On the other hand, the literal meanings of the posted messages need to be figured out. Among a variety of sentiment analysis algorithms (Liu, 2012), a lexicon-based approach is adopted for this study. The NTU Sentiment Dictionary, or NTUSD (Ku and Chen, 2007), was employed to determine the sentiment of a word. NTUSD contains 21,056 positive and 22,751 negative words. Most of these words are in Traditional Chinese.

There are some benefits to use microtexts like Plurk messages for this study of irony. The length of these messages is limited and usually shorter than a regular article, while they can still contain multiple sentences. This helps us exclude most irrelevant information but still capture discourse information.

5.2.2 Candidates Extraction

Possible irony messages were extracted from the Plurk corpus according to emoticons and NTUSD. Since the typical social function of irony is expressing negative meanings with positive words, as mentioned in Gibbs and Colston (2007), focus was directed on those messages with negative emoticons and positive words. A total of 3,178,372 messages are found containing at least one negative emoticon. Among them, 304,754 messages with at least one positive word are found and form an irony candidate dataset.

Discourse relation determines how two discourse units cohere to each other.

Sentiment transition of two clausal arguments can be identified based on their discourse relation (Zhou et al., 2011; Wang et al., 2012; Huang et al., 2013). In the sentence “he is nice but not attractive,” positive opinion at the beginning is transformed to a negative one by the discourse connective “but.” In such a case, both the positive word “nice” and the negative phrase “not attractive” are used literally, and the sentence cannot be regarded as irony. For this reason, it is necessary to filter out messages containing such connectives. To do this, messages are removed only when the positive word occur earlier than the disjunctive word due to the grammatical structure of Chinese. The disjunctive words used in this step include 但, 但是, 可是, 只是, 不過 (all the above are equivalent to the English word but), 然而 (however), 卻 (comparatively), 可惜 (unfortunately), 偏偏 (contrarily), 反而 (oppositely), 倒是 (on the contrary). A total of 254,836 messages remain after this process.

5.2.3 Pattern Mining

Although irony can be used without any customary linguistic patterns, some ironic expressions do exhibit specific forms of language use. Colston and O’Brien (2000)

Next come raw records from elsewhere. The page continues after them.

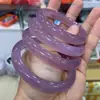 Outlet de Fábrica Waimeng Hotan Yanzi Pulseira Fornecimento Ao Vivo Pulseira de Calcedônia Frete Grátis Embalado para Presente Pulseira de Jade Púrpura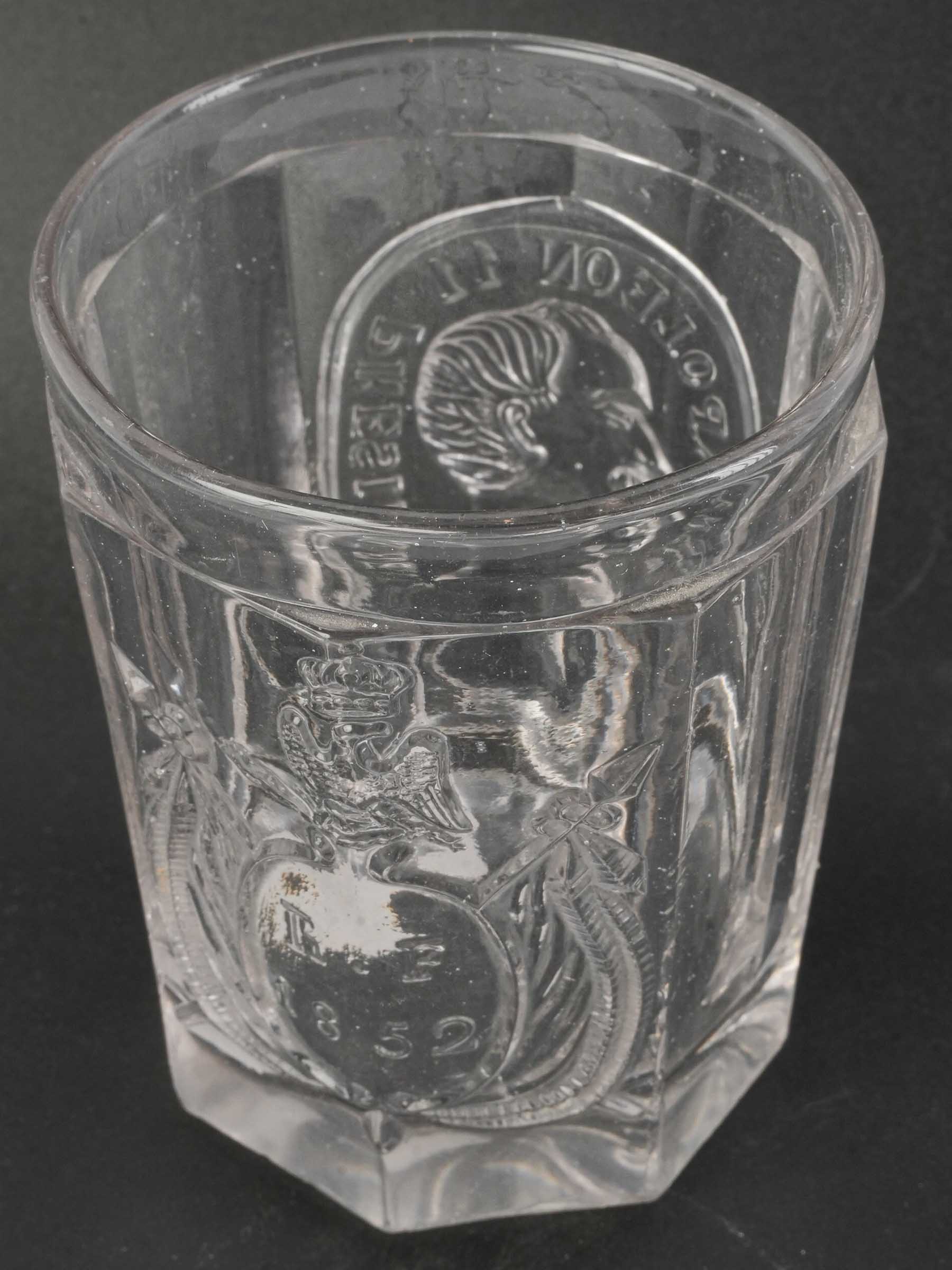 Decorative 19th-century glass cup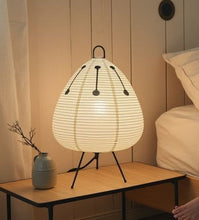 Load image into Gallery viewer, Nogy Paper Lamp with Black Design • Lantern Lamp • Rice Paper Lantern Lamp • Japanese Lamp • White Paper Lamp (Black/White)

suggest that both irony and hyperbole create contrasts between expected and ensuing events. It is assumed that exaggerated expressions could be used with irony to strengthen the effects of the speech act. In the expression 我真是太幸運啦! (I am really and extremely lucky!), the adverbs really and extremely are used together to strengthen the ironic effect. Thus combinations of degree adverb phrases and a positive adjective are used as patterns in this study to find possible irony expressions automatically in the candidate dataset.

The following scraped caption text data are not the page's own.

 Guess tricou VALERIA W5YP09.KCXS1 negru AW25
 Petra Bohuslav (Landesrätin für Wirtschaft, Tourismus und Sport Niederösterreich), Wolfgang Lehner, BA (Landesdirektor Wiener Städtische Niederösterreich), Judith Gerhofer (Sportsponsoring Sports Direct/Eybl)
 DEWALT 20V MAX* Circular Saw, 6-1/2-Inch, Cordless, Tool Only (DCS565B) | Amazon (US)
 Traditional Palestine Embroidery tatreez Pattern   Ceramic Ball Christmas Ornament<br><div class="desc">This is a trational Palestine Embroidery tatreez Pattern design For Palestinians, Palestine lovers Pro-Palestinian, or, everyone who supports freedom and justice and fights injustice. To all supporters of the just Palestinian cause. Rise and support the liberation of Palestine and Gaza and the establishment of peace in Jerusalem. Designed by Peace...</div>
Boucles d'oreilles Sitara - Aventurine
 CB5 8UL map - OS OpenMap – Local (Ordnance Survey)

Not all degree adverbs in Chinese are used here because some of them are mostly used in formal texts and not frequently present in microblogs. The degree adverb phrases used here include the combinations of the adverbs “還” (hái), “也” (yĕ), “未免”

(wèimĭan), “可” (kĕ) and “實在” (truly) and the degree adverbs “真” (really), “太”

(extremely) and “非常” (very).

The following bootstrapping procedure is used to find more patterns.

(1) Which patterns should be used is decided. At the very beginning of the bootstrapping procedure, the [degree adverb + positive adjective] pattern mentioned above is used.

(2) Messages containing the patterns in step (1) are automatically retrieved from the candidates. NTUSD is used to determine sentiment polarity, and the CKIP parser is used to get parts of speech.

(3) Messages retrieved in step (2) were reviewed by the annotator to decide which of them are actually ironic.

(4) If the annotator finds new irony patterns in the reviewed messages, then the procedure starts again from step (1) and uses the patterns to repeat the process.

This process was repeated for four times. After the fourth iteration, no more new patterns were found by the annotator. Finally, 2,825 messages are found to have any of

the patterns, and 1,005 of them are confirmed to be ironic and make up the NTU Irony Corpus.9 These patterns and examples of the ironic messages are shown in Section 5.3.